Monday, March 01, 2010

My First Birkie


The Elite Freestyle start.



Helicopter circling over the start area.




Bussing.


Birkie 2010
It’s been just about a year since I committed to the big race I just completed over the weekend. It all started at Matt and Jess’s wedding last spring. I’d heard plenty about the Birkie in Wisconsin. I’d heard that it was one of the longest running marathon ski races in the country (37 years counting 2010), and I’d heard that it attracted the biggest field of any cross country ski race in North America (8,000 + this year). Anyway, Steve Biggs and I got to talking about it at said wedding. He’d never done it (but had always wanted to), and I’d never done it (but had thought about it in passing). It was agreed that we would both do it this year. I kept up my end of the deal and signed up over the summer. Steve did not.

Thursday. 6:00 am
Sarah and I left the HQ and headed north and west. I was allowed to drive the first 2 hours, and that’s a big stretch since Sarah does 90-95% of the driving when we’re on the road. Fortunately, the Google Maps estimate of 10+ hours was way off the mark. We pulled into our lodgings at just after 2:30 c.s.t., and we even stopped for breakfast in Iron Mountain. We unpacked the truck; and given the early hour, we drove north to Cable to sign in and pick up my race packet. Early Thursday afternoon the resort was jam packed, and I can’t even imagine it on Friday (note to self: always try to go on Thursday). Packet picked up and truck unpacked, Sarah and I stopped into a local bar on the way home for a drink. After digesting the cigarette smoke, the local snowmobile trail conditions, and one drink each we headed back to Treeland Resorts for dinner and Olympic TV coverage.

Friday. All day.
I spent most of the day relaxing and waxing. We went into town to catch the tail end of the Citizen Sprints and have lunch; but other than that, not mucho going on.

Race Day. 4:00 am
I woke up before the alarm went off which is pretty much par for the course. I stayed in bed for a little while and tried to fall back asleep, but after a little while it was obvious this was not going to happen. I did a little getting ready and waited for Sarah to get up with some Netflix. Sarah got up and was kind enough to make me some scrambled eggs with cheese and toast for breakfast. We headed out for the start around 6:30. Since there are so many people and spectators involved in the race, you can't actually drive to the start. They close the road to the resort/start, and everyone is bussed in from various parking lots in the area. I'll admit that this seemed to have the potential for some serious problems. Our doubts were totally unfounded. These people have their sh*t together. Cops were directing traffic off the main highway. Volunteers were directing cars to parking spots in a massive freshly plowed field. After a short walk and a two minute wait, Sarah and I were on a bus packed full of racers and spectators alike, skis and all. In less than fifteen minutes we were deposited at the front of the Telemark Resort, and from there it was a short walk to the start.

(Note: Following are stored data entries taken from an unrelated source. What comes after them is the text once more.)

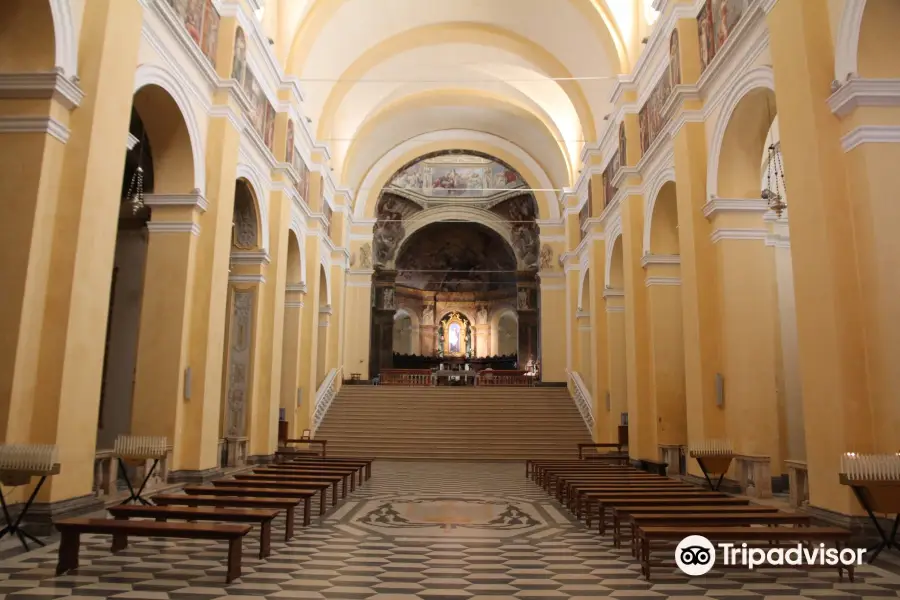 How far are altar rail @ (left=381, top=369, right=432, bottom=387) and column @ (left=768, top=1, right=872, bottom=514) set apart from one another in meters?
18.2

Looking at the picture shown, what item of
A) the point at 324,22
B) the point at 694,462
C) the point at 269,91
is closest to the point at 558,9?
the point at 324,22

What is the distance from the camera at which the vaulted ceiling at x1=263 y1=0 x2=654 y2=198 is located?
1394 centimetres

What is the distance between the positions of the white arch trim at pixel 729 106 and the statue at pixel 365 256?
15820mm

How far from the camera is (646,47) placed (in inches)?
476

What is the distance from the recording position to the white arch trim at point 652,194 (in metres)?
11.4

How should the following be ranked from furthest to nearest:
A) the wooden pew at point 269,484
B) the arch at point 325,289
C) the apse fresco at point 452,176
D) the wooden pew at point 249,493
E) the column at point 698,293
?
the apse fresco at point 452,176, the arch at point 325,289, the column at point 698,293, the wooden pew at point 269,484, the wooden pew at point 249,493

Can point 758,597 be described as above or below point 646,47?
below

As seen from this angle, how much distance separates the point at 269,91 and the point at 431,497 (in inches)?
327

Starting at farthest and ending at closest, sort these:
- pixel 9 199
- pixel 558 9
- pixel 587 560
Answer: pixel 558 9, pixel 9 199, pixel 587 560

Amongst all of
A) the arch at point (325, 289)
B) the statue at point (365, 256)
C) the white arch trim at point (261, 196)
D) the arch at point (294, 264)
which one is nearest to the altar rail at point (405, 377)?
the statue at point (365, 256)

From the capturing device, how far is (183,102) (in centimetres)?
908

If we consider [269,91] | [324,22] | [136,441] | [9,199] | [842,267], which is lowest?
[136,441]

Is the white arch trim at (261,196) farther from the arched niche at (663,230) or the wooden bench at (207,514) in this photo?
the wooden bench at (207,514)

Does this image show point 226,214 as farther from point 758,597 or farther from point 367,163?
point 367,163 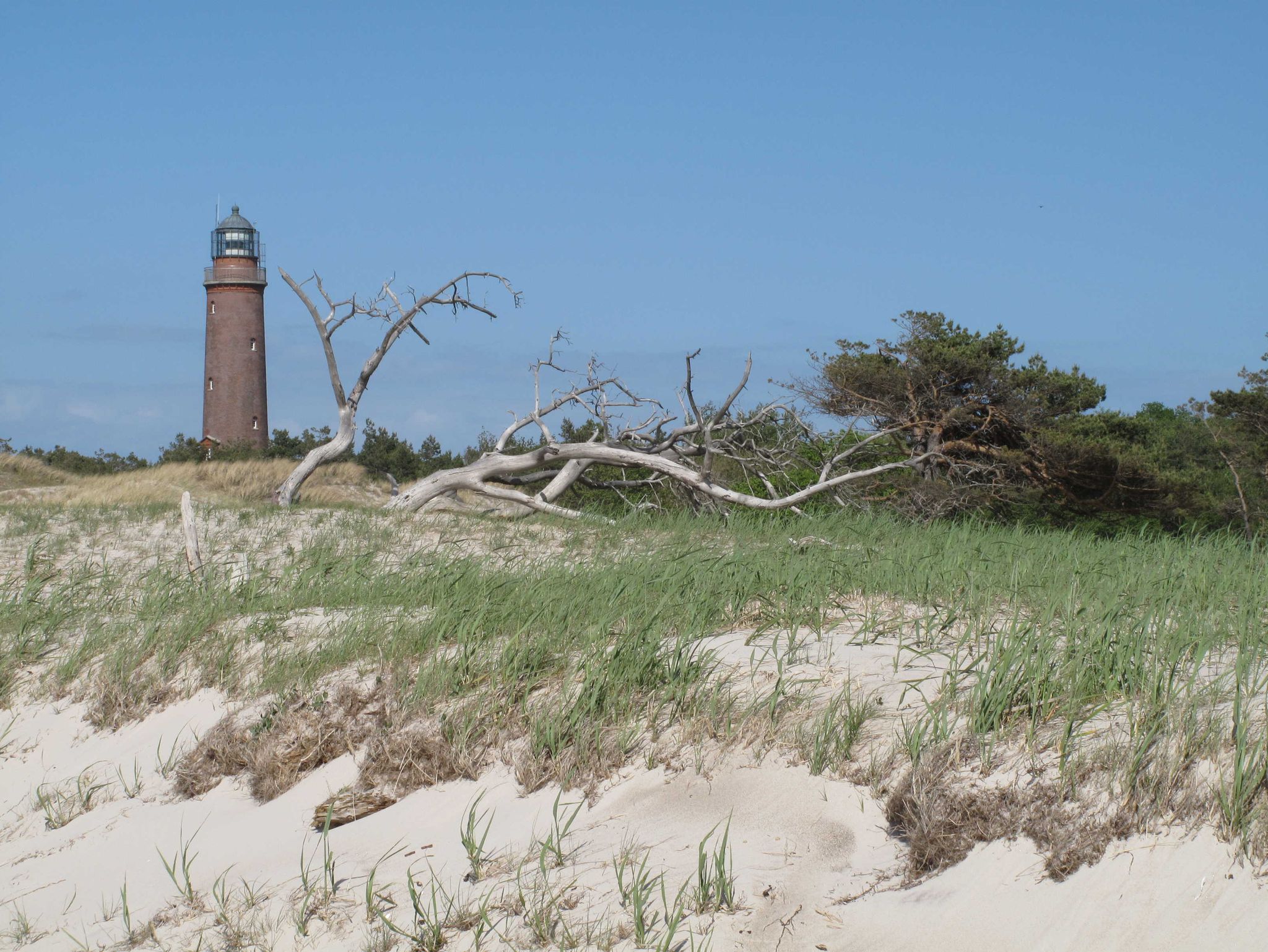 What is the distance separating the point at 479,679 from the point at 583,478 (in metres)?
13.2

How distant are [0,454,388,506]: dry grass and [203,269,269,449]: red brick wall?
18.7m

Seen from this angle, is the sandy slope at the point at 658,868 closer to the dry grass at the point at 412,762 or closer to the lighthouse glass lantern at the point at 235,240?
the dry grass at the point at 412,762

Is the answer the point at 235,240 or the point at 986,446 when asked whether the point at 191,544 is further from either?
the point at 235,240

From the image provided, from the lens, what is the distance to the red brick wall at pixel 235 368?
42.0 metres

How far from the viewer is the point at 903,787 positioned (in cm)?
362

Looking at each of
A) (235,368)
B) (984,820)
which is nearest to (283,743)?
(984,820)

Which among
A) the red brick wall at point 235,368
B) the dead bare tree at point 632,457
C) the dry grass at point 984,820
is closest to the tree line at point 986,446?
the dead bare tree at point 632,457

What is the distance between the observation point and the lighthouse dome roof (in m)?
43.9

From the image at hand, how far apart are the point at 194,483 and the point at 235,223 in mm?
27950

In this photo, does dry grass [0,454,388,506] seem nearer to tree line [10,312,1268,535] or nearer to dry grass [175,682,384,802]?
tree line [10,312,1268,535]

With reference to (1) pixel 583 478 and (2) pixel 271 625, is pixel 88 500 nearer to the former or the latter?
(1) pixel 583 478

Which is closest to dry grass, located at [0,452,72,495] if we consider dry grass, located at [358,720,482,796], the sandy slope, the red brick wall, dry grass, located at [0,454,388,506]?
dry grass, located at [0,454,388,506]

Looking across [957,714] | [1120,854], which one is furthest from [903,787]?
[1120,854]

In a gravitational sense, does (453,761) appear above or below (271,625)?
below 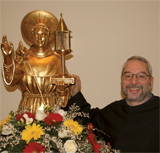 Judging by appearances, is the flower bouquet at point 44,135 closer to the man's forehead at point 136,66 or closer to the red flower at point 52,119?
the red flower at point 52,119

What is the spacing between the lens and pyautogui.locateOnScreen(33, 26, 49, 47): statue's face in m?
2.13

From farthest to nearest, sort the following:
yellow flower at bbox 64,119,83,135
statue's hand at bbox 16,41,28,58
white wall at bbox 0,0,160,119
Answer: white wall at bbox 0,0,160,119, statue's hand at bbox 16,41,28,58, yellow flower at bbox 64,119,83,135

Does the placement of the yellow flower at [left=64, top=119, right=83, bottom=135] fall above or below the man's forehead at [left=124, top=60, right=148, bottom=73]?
→ below

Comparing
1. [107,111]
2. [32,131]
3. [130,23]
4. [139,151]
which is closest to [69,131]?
[32,131]

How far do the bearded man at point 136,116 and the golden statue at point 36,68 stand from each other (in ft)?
2.20

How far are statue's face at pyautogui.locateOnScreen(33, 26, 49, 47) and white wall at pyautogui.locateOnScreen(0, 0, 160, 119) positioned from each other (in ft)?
1.98

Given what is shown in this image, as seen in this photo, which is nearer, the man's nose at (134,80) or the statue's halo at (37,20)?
the man's nose at (134,80)

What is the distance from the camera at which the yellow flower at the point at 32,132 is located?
961mm

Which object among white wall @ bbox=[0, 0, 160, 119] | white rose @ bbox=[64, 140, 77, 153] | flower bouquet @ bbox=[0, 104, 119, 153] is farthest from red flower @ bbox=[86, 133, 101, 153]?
white wall @ bbox=[0, 0, 160, 119]

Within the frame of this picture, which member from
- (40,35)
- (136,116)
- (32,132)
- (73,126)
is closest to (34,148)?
(32,132)

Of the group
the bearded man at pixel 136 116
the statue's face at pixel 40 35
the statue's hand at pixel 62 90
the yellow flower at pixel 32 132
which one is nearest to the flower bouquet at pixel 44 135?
the yellow flower at pixel 32 132

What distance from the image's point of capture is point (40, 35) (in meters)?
2.14

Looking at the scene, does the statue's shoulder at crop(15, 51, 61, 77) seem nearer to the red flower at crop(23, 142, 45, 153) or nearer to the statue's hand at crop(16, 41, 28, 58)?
the statue's hand at crop(16, 41, 28, 58)

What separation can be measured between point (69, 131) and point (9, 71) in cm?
128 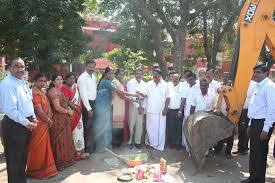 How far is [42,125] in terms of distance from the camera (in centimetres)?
605

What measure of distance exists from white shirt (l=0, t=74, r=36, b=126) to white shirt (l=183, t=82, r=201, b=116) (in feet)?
12.3

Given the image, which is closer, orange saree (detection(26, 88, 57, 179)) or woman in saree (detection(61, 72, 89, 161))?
orange saree (detection(26, 88, 57, 179))

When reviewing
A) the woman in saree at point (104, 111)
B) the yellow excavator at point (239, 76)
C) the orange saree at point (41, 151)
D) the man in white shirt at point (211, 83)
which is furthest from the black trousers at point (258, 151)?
the orange saree at point (41, 151)

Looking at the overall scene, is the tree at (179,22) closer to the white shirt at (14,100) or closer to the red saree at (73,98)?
the red saree at (73,98)

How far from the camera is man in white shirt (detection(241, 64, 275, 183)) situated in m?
5.30

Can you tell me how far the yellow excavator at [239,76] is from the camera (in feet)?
21.2

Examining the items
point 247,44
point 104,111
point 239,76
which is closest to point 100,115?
point 104,111

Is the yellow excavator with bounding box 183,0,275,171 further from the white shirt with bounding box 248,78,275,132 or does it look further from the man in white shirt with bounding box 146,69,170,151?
the man in white shirt with bounding box 146,69,170,151

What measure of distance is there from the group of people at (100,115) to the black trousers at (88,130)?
0.02 m

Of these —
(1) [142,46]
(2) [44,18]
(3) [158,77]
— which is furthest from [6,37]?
(1) [142,46]

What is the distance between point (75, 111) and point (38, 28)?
10.5 feet

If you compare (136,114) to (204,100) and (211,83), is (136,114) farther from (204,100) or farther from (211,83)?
(211,83)

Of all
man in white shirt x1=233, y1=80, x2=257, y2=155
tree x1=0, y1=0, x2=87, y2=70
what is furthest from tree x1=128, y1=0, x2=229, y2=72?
man in white shirt x1=233, y1=80, x2=257, y2=155

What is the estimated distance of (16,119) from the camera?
4691mm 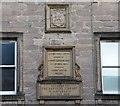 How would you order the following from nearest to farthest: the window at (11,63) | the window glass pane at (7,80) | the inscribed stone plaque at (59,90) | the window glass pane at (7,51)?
the inscribed stone plaque at (59,90) < the window at (11,63) < the window glass pane at (7,80) < the window glass pane at (7,51)

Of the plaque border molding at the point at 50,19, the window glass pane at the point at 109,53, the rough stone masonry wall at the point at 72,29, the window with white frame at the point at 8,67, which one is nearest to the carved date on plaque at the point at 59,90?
the rough stone masonry wall at the point at 72,29

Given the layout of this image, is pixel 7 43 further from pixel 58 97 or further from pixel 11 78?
pixel 58 97

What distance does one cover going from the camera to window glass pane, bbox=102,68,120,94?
12.4 meters

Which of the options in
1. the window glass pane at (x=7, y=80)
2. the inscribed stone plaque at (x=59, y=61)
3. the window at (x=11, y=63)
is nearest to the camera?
the inscribed stone plaque at (x=59, y=61)

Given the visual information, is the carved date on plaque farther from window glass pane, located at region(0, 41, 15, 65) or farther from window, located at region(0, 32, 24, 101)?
window glass pane, located at region(0, 41, 15, 65)

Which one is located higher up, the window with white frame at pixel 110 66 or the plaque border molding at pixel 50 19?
the plaque border molding at pixel 50 19

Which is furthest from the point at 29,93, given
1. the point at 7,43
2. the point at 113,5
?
the point at 113,5

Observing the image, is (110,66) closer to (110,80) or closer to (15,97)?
(110,80)

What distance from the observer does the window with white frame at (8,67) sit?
485 inches

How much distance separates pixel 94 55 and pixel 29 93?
2013 mm

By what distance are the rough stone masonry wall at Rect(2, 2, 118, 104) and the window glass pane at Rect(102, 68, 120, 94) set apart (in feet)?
1.23

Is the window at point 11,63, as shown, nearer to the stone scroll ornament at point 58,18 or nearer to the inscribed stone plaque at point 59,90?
the inscribed stone plaque at point 59,90

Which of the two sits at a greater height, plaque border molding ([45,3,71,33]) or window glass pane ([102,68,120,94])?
plaque border molding ([45,3,71,33])

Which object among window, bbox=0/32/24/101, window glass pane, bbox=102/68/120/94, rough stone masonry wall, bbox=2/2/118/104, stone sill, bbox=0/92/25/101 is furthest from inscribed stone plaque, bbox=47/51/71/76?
window glass pane, bbox=102/68/120/94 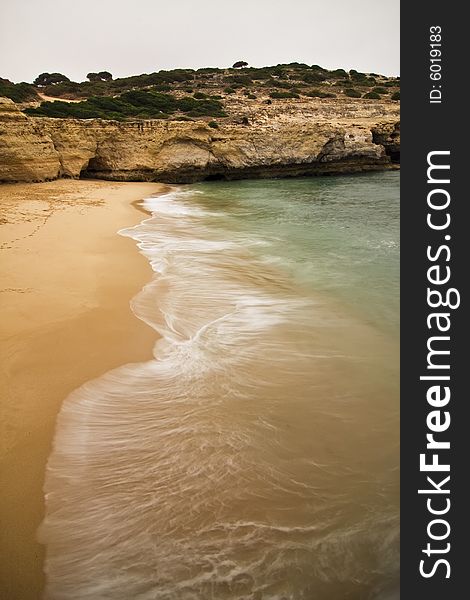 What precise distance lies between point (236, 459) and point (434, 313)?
1836mm

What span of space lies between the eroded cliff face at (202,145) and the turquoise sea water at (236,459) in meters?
15.1

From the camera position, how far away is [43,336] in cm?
448

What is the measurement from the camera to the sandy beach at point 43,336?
247 cm

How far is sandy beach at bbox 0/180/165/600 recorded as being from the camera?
247cm

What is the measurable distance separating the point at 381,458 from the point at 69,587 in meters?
2.29

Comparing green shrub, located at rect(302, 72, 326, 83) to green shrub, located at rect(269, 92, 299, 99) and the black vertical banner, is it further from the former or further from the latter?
the black vertical banner

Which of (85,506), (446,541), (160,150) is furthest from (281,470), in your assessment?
(160,150)

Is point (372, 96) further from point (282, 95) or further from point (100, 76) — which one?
point (100, 76)

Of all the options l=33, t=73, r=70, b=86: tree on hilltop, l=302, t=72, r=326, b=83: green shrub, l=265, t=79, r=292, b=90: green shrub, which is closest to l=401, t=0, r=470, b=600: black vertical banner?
l=265, t=79, r=292, b=90: green shrub

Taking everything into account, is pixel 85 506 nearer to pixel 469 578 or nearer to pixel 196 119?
pixel 469 578

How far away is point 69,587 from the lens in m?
2.16

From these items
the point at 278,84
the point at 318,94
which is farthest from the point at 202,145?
the point at 278,84

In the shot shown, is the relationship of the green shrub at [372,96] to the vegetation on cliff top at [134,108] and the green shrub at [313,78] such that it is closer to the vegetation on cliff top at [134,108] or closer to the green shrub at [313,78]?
the green shrub at [313,78]

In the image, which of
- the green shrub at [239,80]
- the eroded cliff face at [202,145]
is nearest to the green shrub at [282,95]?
the eroded cliff face at [202,145] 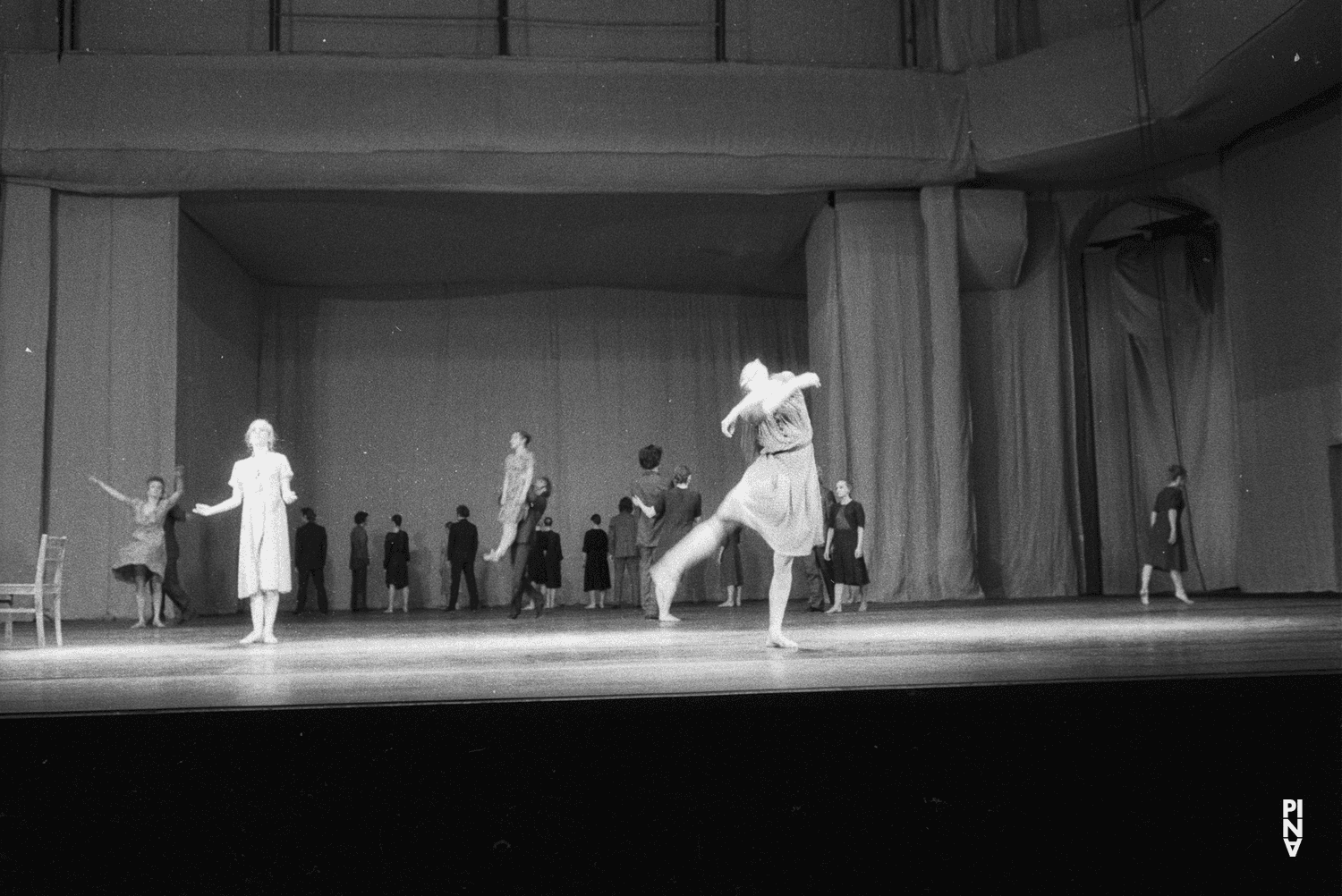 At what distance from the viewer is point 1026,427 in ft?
43.0

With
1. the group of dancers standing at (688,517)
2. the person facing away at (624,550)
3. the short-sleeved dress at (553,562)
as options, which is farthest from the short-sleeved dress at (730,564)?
the group of dancers standing at (688,517)

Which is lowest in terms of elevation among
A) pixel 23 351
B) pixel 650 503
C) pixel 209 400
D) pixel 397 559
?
pixel 397 559

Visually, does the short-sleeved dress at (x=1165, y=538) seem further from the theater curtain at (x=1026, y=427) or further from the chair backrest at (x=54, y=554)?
the chair backrest at (x=54, y=554)

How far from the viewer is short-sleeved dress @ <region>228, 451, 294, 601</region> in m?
7.13

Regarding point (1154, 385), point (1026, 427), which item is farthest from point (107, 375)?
point (1154, 385)

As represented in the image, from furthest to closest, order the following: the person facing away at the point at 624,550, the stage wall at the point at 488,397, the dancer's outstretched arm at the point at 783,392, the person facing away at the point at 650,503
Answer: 1. the stage wall at the point at 488,397
2. the person facing away at the point at 624,550
3. the person facing away at the point at 650,503
4. the dancer's outstretched arm at the point at 783,392

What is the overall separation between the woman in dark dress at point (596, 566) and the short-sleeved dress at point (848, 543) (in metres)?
4.52

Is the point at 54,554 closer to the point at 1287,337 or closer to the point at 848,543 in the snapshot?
the point at 848,543

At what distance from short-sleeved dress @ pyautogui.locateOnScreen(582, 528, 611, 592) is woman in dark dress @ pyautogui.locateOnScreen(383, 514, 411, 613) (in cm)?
236

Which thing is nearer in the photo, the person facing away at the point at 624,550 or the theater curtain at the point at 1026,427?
the theater curtain at the point at 1026,427

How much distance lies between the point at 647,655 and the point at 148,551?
6.95m

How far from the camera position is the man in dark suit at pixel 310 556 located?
47.9ft

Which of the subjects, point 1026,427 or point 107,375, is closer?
point 107,375

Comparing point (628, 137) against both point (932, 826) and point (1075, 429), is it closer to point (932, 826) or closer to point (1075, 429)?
point (1075, 429)
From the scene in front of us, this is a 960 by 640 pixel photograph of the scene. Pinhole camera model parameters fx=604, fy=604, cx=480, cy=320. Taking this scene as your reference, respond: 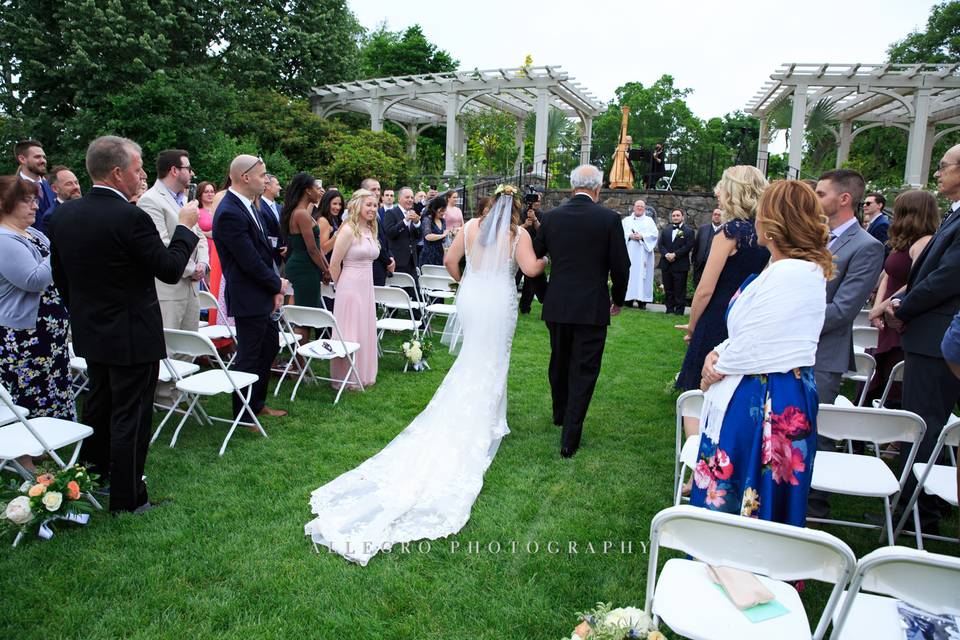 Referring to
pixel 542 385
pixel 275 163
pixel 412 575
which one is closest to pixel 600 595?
pixel 412 575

I've never seen anything like the start of this race. There were flags and banners whipping in the wind all around the start pen. A helicopter circled overhead. We got there just in time for the men's elite freestyle start. After that I had just enough time to ditch my warm up clothes and ski over to the start. I'd estimate there were at least two hundred racers in my wave, and I was positioned about five rows back near the center. And just like that, the race was on.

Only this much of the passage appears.